SSL-beveiliging Belgische overheidssites teleurstellend

De meeste Belgische overheidssites scoren zeer matig qua SSL-beveiliging en zijn nog altijd erg kwetsbaar voor de eind vorig jaar ontdekte POODLE-bug.

Masterstudent Thomas Vanhoutte, die in Breda aan een thesis over cryptogeld werkt, heeft negen Belgische overheidssites door de SSL Labs-test gehaald, zo bericht Data News. Die test onderzoekt of het SSL-encryptieprotocol correct geconfigureerd is en naar de laatste versie werd geüpgraded. Daarna krijgt elke site een score van A+ (zeer goed) over B (zwak) tot C, D, E en F (slecht tot zeer slecht).

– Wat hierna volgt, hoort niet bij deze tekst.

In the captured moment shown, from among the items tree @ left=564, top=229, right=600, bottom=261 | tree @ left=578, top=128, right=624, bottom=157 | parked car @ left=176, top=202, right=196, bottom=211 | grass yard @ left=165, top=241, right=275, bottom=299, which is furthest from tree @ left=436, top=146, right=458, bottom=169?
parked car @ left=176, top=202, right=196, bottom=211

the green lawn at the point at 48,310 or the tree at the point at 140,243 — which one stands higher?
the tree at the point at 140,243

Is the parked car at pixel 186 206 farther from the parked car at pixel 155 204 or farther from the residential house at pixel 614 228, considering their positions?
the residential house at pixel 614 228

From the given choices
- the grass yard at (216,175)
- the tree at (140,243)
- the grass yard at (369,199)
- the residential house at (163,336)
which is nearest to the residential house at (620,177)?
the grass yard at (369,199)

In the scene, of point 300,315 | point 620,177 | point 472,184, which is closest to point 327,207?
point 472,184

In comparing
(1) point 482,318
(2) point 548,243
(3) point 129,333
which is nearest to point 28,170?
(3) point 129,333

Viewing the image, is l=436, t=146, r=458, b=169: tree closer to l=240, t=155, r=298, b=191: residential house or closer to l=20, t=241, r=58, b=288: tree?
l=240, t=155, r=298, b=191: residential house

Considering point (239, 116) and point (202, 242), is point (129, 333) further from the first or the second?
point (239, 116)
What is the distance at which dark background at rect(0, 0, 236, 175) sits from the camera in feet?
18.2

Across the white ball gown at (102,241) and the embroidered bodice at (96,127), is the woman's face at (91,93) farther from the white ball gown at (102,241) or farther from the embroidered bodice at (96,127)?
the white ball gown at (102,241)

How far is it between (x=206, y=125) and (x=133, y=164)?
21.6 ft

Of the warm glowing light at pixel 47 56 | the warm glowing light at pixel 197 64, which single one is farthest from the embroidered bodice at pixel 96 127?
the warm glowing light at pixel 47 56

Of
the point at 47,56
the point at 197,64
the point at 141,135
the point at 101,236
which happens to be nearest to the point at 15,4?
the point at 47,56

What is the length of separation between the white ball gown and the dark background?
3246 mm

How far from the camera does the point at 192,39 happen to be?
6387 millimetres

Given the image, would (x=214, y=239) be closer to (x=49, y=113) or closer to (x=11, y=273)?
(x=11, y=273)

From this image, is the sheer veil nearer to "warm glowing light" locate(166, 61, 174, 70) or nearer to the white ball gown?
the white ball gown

De resultaten van het onderzoekje zijn behoorlijk ontnuchterend. Slechts één portaal (dat van eHealth) haalt een A-. De FOD Financiën en de Privacycommissie krijgen een B. Biztax, Csam, DIBISS en de site van de Sociale Zekerheid stranden op een C. Digiflow en e-Gov zijn de rode lantaarn met een F.

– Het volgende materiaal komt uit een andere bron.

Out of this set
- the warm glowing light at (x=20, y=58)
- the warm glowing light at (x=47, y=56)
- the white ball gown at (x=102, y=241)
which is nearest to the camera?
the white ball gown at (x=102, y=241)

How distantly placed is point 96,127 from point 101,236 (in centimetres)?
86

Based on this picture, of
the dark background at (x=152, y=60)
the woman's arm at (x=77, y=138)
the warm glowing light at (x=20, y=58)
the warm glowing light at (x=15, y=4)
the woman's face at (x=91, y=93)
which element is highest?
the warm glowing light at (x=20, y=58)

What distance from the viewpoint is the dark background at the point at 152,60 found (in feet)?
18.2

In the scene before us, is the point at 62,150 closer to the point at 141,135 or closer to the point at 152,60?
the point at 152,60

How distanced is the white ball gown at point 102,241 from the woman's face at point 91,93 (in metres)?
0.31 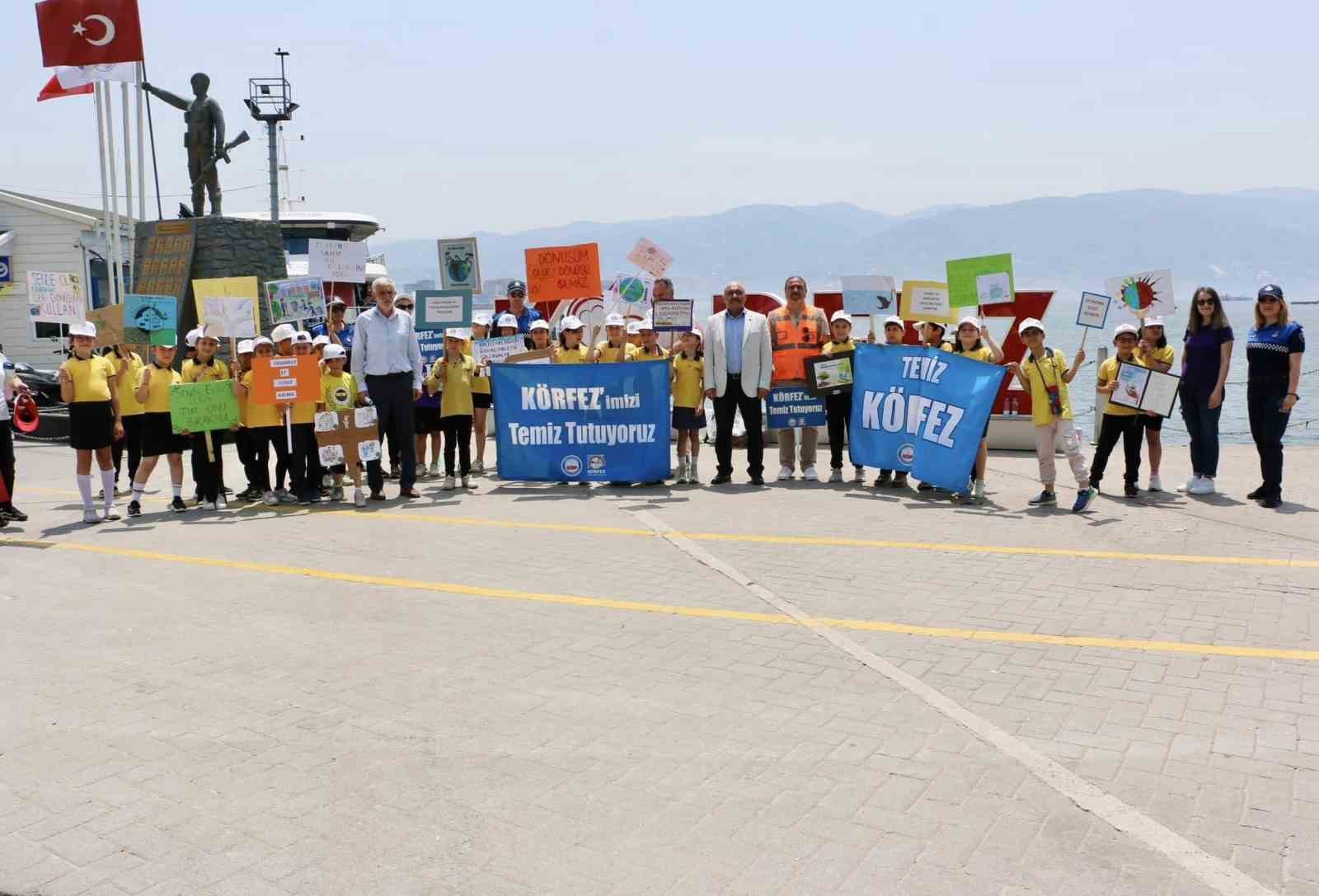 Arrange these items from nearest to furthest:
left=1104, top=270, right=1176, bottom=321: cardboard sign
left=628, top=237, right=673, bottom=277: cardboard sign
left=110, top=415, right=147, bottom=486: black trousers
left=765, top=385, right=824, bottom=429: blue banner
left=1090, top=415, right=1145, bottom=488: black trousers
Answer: left=1090, top=415, right=1145, bottom=488: black trousers < left=110, top=415, right=147, bottom=486: black trousers < left=1104, top=270, right=1176, bottom=321: cardboard sign < left=765, top=385, right=824, bottom=429: blue banner < left=628, top=237, right=673, bottom=277: cardboard sign

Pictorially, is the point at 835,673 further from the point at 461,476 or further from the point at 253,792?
the point at 461,476

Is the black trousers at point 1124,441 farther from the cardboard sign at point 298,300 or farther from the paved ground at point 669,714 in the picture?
the cardboard sign at point 298,300

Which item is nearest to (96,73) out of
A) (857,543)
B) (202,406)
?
(202,406)

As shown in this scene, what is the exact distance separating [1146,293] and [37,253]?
Answer: 109ft

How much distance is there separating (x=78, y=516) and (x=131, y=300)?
260 cm

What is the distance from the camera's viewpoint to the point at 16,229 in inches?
1362

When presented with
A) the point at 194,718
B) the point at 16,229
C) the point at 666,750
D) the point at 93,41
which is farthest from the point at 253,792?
the point at 16,229

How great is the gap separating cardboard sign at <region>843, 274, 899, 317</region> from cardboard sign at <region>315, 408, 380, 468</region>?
658 cm

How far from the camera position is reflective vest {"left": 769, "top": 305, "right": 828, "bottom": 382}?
12.5 meters

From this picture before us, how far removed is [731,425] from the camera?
12.2 metres

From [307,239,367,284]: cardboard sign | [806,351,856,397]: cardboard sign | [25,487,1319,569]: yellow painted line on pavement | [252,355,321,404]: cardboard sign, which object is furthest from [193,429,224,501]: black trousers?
[806,351,856,397]: cardboard sign

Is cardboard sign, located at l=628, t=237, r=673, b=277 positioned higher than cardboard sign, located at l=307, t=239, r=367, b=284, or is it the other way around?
cardboard sign, located at l=307, t=239, r=367, b=284

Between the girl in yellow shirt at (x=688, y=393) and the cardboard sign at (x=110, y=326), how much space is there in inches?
227

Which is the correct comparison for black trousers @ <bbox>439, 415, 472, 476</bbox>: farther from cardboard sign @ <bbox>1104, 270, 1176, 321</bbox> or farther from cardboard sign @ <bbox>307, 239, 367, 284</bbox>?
cardboard sign @ <bbox>1104, 270, 1176, 321</bbox> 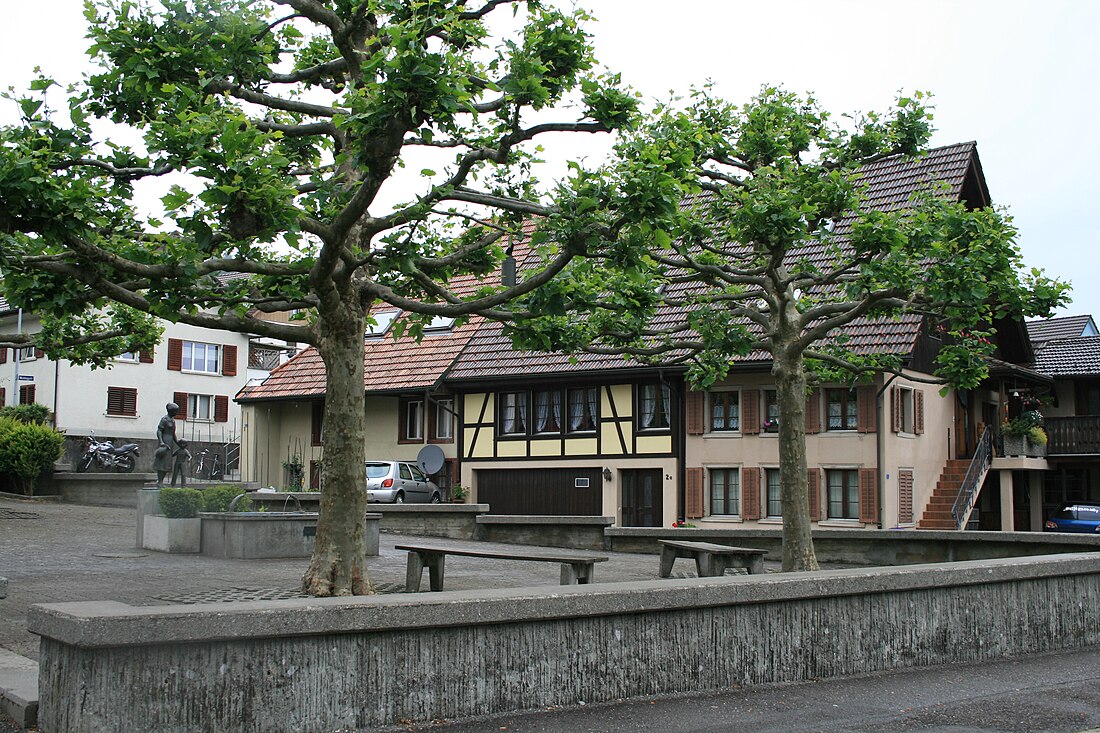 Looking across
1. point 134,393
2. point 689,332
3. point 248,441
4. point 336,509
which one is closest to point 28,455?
point 248,441

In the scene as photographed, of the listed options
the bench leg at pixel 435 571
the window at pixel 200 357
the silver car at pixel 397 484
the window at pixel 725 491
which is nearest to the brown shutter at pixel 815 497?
the window at pixel 725 491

Alle sites die C of minder scoren zijn bijvoorbeeld nog allemaal kwetsbaar voor de zogenaamde POODLE-bug. Aanvallers die netwerktoegang hebben, kunnen daarmee de datapakketjes die met SSL werden versleuteld probleemloos opnieuw ontcijferen.

In een reactie aan Belga zegt Fedict, de Federale overheidsdienst Informatie- en Communicatietechnologie, dat het reeds geplande maatregelen om de SSL-encryptie te verbeteren nu versneld zal uitvoeren. Daardoor zullen sommige websites wel niet meer toegankelijk zijn voor gebruikers van Windows XP en oude webbrowsers als Internet Explorer 6.

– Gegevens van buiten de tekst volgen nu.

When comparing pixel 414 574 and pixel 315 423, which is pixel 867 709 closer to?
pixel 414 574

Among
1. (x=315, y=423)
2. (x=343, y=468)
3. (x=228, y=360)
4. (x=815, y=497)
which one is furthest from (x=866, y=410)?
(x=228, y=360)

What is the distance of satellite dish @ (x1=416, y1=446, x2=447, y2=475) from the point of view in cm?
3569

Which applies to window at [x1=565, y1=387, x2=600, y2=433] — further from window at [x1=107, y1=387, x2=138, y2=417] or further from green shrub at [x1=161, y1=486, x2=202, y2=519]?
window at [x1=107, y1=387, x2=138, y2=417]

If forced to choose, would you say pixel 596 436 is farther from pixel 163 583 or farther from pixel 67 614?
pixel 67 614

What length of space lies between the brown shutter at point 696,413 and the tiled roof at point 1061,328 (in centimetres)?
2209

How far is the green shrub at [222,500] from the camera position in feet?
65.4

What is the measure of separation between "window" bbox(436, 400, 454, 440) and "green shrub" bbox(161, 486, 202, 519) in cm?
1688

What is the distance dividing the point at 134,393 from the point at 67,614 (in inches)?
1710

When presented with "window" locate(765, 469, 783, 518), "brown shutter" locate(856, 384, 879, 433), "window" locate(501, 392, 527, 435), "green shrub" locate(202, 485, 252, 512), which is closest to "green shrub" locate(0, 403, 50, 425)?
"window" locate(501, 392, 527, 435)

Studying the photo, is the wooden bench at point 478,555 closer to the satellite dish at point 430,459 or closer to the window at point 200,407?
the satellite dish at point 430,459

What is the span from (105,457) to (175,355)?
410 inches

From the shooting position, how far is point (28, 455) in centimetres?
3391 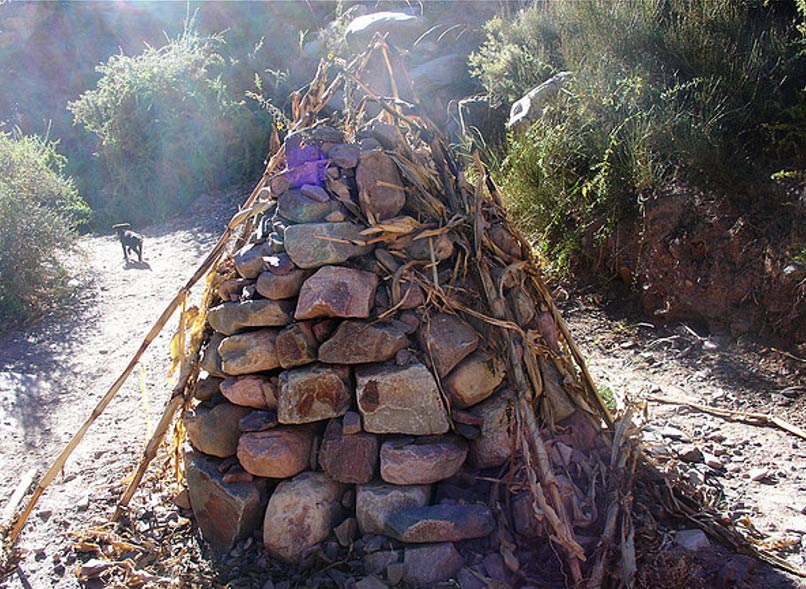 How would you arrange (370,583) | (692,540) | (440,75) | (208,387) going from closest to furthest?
(370,583) < (692,540) < (208,387) < (440,75)

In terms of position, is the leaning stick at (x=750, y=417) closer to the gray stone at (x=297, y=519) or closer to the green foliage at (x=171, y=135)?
the gray stone at (x=297, y=519)

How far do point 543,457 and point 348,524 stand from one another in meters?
0.78

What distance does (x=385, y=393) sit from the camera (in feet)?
8.45

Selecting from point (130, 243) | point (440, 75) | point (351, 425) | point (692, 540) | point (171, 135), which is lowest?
point (692, 540)

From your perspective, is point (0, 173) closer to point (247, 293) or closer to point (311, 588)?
point (247, 293)

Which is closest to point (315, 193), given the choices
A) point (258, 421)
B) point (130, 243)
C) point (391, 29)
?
point (258, 421)

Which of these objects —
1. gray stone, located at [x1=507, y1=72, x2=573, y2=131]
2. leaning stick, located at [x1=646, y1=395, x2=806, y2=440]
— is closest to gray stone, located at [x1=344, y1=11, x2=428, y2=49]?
A: gray stone, located at [x1=507, y1=72, x2=573, y2=131]

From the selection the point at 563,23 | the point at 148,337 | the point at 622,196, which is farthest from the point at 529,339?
the point at 563,23

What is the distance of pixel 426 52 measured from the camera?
1160 cm

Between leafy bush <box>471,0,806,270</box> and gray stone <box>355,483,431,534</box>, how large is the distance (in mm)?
3348

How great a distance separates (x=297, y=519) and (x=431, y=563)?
0.54 meters

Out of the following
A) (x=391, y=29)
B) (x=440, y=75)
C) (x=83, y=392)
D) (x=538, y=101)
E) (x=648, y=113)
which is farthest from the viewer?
(x=391, y=29)

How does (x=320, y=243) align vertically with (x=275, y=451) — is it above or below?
above

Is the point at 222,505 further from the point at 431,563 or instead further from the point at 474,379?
the point at 474,379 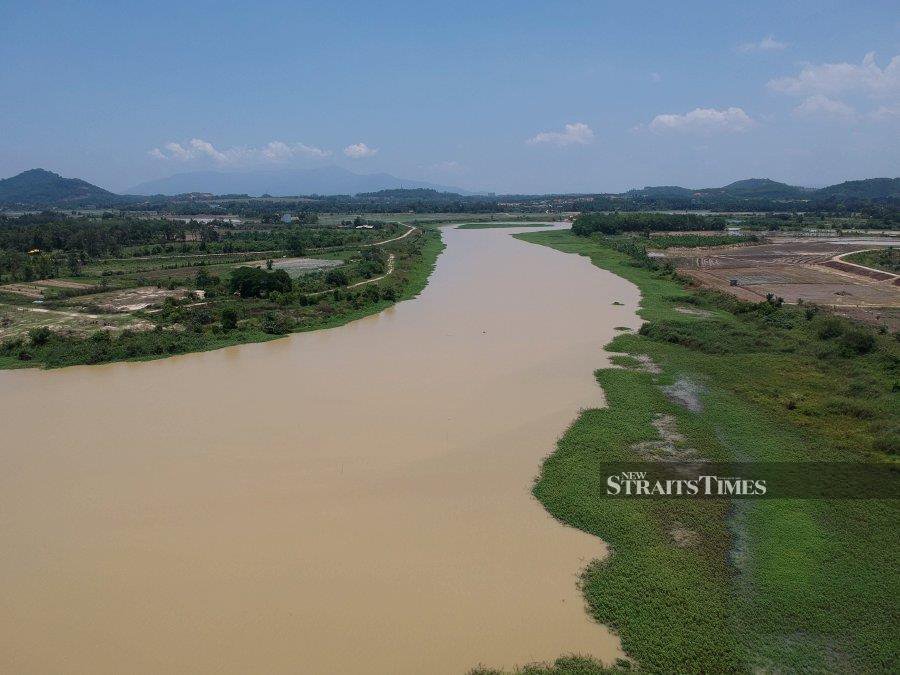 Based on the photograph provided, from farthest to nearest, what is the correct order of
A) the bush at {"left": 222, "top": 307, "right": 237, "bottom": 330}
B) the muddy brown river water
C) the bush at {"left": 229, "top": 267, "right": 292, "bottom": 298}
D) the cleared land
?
the bush at {"left": 229, "top": 267, "right": 292, "bottom": 298} → the cleared land → the bush at {"left": 222, "top": 307, "right": 237, "bottom": 330} → the muddy brown river water

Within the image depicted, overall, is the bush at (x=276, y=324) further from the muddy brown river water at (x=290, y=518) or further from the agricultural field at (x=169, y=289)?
the muddy brown river water at (x=290, y=518)

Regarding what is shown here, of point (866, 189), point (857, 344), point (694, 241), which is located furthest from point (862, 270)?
point (866, 189)

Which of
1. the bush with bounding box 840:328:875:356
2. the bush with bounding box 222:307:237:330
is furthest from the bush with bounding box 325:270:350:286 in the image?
the bush with bounding box 840:328:875:356

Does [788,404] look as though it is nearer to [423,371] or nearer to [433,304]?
[423,371]

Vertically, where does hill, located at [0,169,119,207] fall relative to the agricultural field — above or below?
above

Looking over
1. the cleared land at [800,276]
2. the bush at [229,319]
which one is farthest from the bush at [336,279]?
the cleared land at [800,276]

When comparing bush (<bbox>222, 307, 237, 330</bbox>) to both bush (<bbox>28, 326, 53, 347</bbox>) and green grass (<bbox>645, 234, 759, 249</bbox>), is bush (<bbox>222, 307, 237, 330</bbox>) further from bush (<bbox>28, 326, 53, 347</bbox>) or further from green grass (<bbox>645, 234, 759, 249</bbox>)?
green grass (<bbox>645, 234, 759, 249</bbox>)

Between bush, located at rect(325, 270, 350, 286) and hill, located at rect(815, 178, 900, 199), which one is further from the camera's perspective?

Het onderzoek van Vanhoutte was geïnspireerd op dat van beveiligingsblogger Yeri Tiete. Die deed in februari ook al dezelfde test voor enkele grote Belgische banken. Ook toen waren de resultaten allesbehalve schitterend en moesten sommige banken onder druk van de publieke opninie hun beveiliging snel aanscherpen.

Update 15/04: De problemen met de veiligheid van SSLv3 waren ook bij Smals eerder bekend. Een actieplan was reeds aan de gang (oa. voorlopige maatregelen, oplossen afhankelijkheid van een interne toepassing) en werd sinds eergisteren versneld doorgezet voor de websites in beheer bij Smals: www.socialsecurity.be, www.csam.be en www.dibiss.fgov.be.

SSL v3-verbindingen zijn vanaf gisteren dus niet langer mogelijk. Een nadeel van deze beslissing is dat de genoemde sites niet langer toegankelijk zullen zijn voor sommige gebruikers met een ouder systeem, namelijk Windows XP en Internet Explorer 6 of ouder. Het contactcenter Eranova, dat gebruikersondersteuning biedt voor de toepassingen van de sociale zekerheid, is voorbereid om de getroffen gebruikers van antwoord te dienen.